December 2017 Natural Mystery Answered!

Post date: Jan 15, 2018 4:50:29 PM

Congratulations to Kirsten Welge for correctly deciphering this extremely challenging Natural Mystery. Kirsten shows both good knowledge of tracks and animal movement, as well as good speculative reasoning in interpreting this pattern. Here is her well crafted answer, together with a few editorial notes [Ed]:

Who: Red fox

Reasoning process:

Based on animals we've tracked in Crex Meadows, the initial roster included raccoon, canids (red fox, coyote, wolf), bobcat, fisher, otter.

What I see:

    • Three major indentations, with plumes of snow thrown towards the steep bank (to the right) from the rightmost two tracks.

    • The right edge of each of the three indentations shows notching, which I'm reading as toes and claws.

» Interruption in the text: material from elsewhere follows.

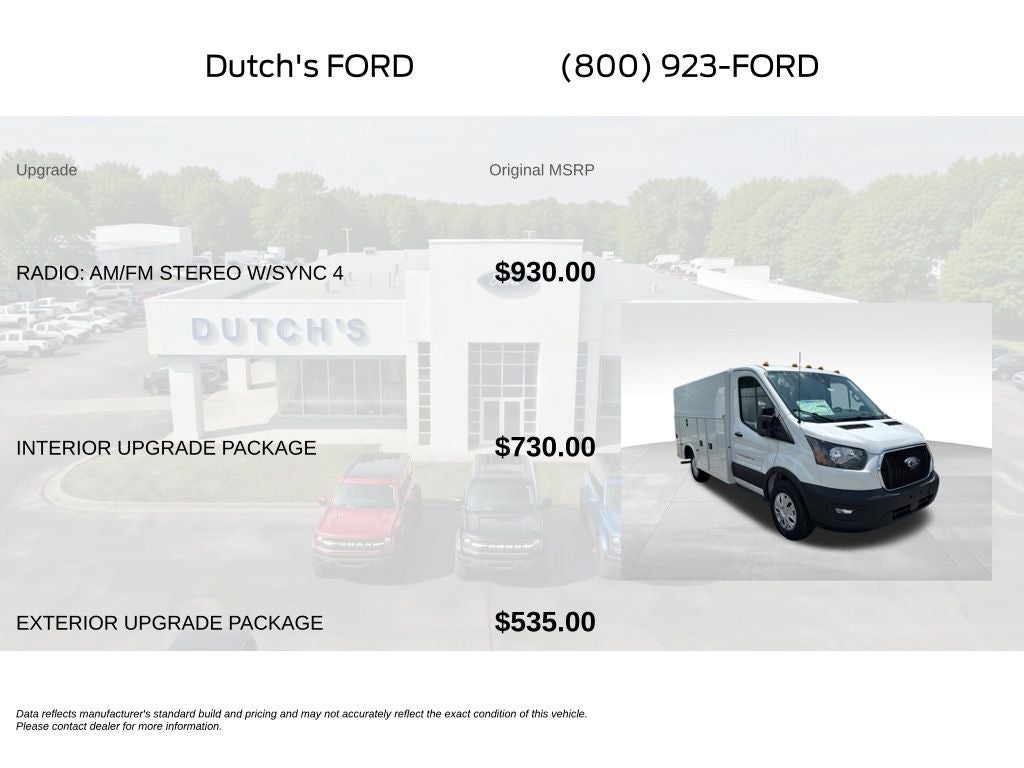 2024 Ford Transit-350 Base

    • So I'd propose the gait looks like a front left landed (left indentation), then both hind feet came under to propel the animal up the steep bank. I think we're seeing the full length of the animal's hocks imprinting to the left of the hind tracks.

    • (What I'm less clear on is where the right front landed - and I'm wondering if it may have landed between the back haunches but is obscured by thrown snow.) [Ed: this is exactly correct. The right front registered under the hind tracks]

Track sizes look to be roughly

Front: L somewhere between 1.75"-2", W 1.5" (This may be waaaay off, as I'm seeing a couple possible edges of palm pad.)

Hind: L <2", W 1.5"

Trail width between hinds: 4.5"

I do not see clear toe or palm pads, so I'm thinking the owner's feet are furred on the bottom. This rules out raccoon, bobcat, otter, coyote, as well as wolf (whose tracks would be much larger). [Ed: The lack of clear toe and palm pads here is more a function of loose snow caving in on the track than of the heavy fur on the bottom of the animal's foot. The pointed front of the compressions rule out bobcat, otter, raccoon and (as Kirsten notes below) fisher. The size rules out wolf and is a strike against coyote.]

Fisher would have furred pads, but I'd expect a more asymmetrical C-shape. These feel more like canid, given the measurements point to a more tall, boxy shape of the track, so I'd go with red fox. Track sizes and trail width are also in the right range for this species.

As a prize, Kirsten will receive her choice of any edition of the Animal Tracks Playing Cards from Adventure Publications.